The year 1947 saw one of the most significant changes to union and labor law. Prior to that year, if you wanted to work at a place where the employees belonged to a union, you could be required to join that union and pay dues to it. (And that union could spend those dues on many things with which you may not have agreed.) There were exceptions, such as certain federal jobs (ironically), but closed shops were not unusual. You had to join the union and pay its dues to work there, and if you were no longer in the union (for whatever reason) you could be fired. In the 1947, the very pro-business 80th Congress, when both Houses were controlled by the Republican Party, passed the Labor Management Relations Act (nicknamed the Taft-Hartley Act) over President Harry Truman’s veto. For a “Do Nothing Congress”, they sure did a doozy with that one. They were a very anti-union Congress, and we should be grateful they didn’t pass more legislation.
You often hear that unionized places force people to join the union, but that’s not true (thanks to the Taft-Hartley Act.) State right to work laws force all unionized shops to become “open shops,” meaning employees cannot be forced to join a union. They also have the right to enjoy all the benefits that union workers enjoy. The union might fight for better working conditions for you and your fellow employees (it isn’t always about more pay), but whether or not you join the union you can, by law, enjoy whatever benefits the union wins. If they want, non-union workers can ask the union for help in dealing with their employer, and while they don’t have to pay union dues, they do have to compensate the union for acting on their behalf. But other than that, you can work at any non-federal place that has a union without being forced to join the union.

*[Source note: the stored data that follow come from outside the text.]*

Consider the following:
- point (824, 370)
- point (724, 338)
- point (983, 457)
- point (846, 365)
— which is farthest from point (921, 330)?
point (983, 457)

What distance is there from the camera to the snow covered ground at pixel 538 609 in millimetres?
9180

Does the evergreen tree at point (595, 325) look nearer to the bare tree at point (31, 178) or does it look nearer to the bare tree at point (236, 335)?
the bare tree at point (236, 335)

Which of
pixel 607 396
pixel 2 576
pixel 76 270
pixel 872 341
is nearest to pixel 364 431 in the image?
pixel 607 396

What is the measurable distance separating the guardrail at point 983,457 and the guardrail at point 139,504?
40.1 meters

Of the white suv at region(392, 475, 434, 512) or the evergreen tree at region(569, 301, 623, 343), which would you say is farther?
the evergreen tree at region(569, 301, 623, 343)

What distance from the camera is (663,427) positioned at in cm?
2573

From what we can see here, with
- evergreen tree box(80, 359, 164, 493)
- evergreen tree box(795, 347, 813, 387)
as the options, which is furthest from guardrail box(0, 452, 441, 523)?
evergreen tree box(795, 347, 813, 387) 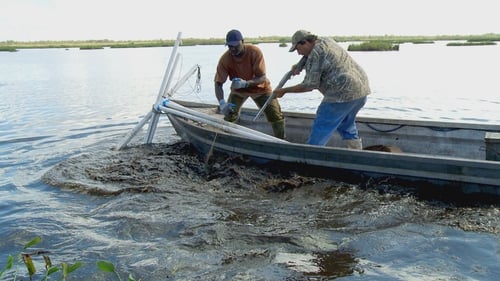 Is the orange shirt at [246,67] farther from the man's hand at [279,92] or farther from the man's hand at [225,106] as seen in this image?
the man's hand at [279,92]

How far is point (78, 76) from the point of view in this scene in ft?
93.9

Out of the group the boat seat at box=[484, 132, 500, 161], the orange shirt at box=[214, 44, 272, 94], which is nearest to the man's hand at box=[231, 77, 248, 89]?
the orange shirt at box=[214, 44, 272, 94]

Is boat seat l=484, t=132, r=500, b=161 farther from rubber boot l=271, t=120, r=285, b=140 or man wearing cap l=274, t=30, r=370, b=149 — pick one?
rubber boot l=271, t=120, r=285, b=140

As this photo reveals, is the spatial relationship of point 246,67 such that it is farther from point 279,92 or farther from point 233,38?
point 279,92

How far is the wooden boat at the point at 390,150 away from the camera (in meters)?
5.68

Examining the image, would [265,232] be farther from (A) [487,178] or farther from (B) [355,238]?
(A) [487,178]

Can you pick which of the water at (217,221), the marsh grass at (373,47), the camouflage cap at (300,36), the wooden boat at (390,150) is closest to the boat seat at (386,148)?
the wooden boat at (390,150)

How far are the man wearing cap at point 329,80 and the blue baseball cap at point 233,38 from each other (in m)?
1.33

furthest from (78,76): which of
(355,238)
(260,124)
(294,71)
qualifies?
(355,238)

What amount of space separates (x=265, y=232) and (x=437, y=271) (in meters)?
1.81

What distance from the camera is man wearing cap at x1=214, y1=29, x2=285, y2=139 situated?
26.0 feet

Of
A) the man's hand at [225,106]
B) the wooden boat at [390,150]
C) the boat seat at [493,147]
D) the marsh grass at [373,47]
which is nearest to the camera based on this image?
the wooden boat at [390,150]

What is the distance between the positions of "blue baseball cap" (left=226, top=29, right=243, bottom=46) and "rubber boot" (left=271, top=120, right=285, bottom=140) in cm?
156

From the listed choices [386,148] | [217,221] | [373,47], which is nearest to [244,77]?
[386,148] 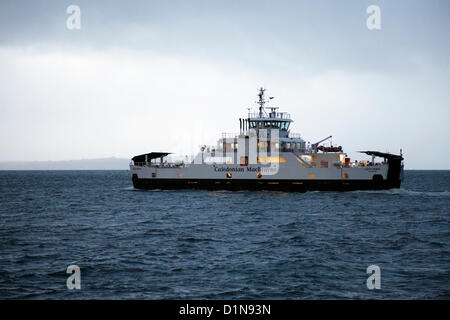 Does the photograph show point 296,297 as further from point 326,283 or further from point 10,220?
point 10,220

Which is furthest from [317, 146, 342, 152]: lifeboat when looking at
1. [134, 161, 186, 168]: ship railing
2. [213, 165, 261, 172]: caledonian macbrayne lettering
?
[134, 161, 186, 168]: ship railing

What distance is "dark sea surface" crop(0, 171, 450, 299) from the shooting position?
14.3m

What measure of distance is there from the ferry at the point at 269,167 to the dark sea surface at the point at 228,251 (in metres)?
8.93

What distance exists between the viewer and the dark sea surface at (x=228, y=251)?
14.3 m

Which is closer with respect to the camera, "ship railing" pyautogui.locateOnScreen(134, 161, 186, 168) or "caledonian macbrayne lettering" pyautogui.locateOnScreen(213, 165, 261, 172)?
"caledonian macbrayne lettering" pyautogui.locateOnScreen(213, 165, 261, 172)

Now, you’re going to hear a lot of Republicans (like Michigan Governor Rick Snyder) say that right to work laws benefit workers and lead to more pay. Don’t believe it for a second. As union membership declines, so does middle class income. Without unions there would be no middle class.
As of this writing, the following 23 states have some form of right to work laws: Alabama, Arizona, Arkansas, Florida, Georgia, Idaho, Iowa, Kansas, Louisiana, Michigan(!), Mississippi, Nebraska, Nevada, North Carolina, North Dakota, Oklahoma, South Carolina, South Dakota, Tennessee, Texas, Utah, Virginia, Wyoming. The latest addition to that list is Michigan. Nobody campaigned on busting unions in Michigan, even the governor. Why not? Because if they did, they would have lost control of the state government. (You can also thank some heavily gerrymandered districts for that. More people voted for Democrats than for Republicans, but because of gerrymandered districts, more Republicans were sent to the next Congress than Democrats.)
Ask any union member about right to work laws and they’ll tell you they should be called “Right to Work For Less” laws, because that is the ultimate effect of those laws. When workers enjoy the right to bargain collectively, everybody benefits, including the business owners. Again, it isn’t just about fair pay though that is often at issue, it’s about all working conditions. Unions, by fighting for higher standards for workers, businesses, families, the environment, and public health and safety, have helped to build the middle class and make sure the economy works for everyone. Are you eligible for overtime pay for working more than 40 hours? You can thank unions for that. Do you get paid sick days? Thank unions again. Is your work place safe? It probably wouldn’t be without unions.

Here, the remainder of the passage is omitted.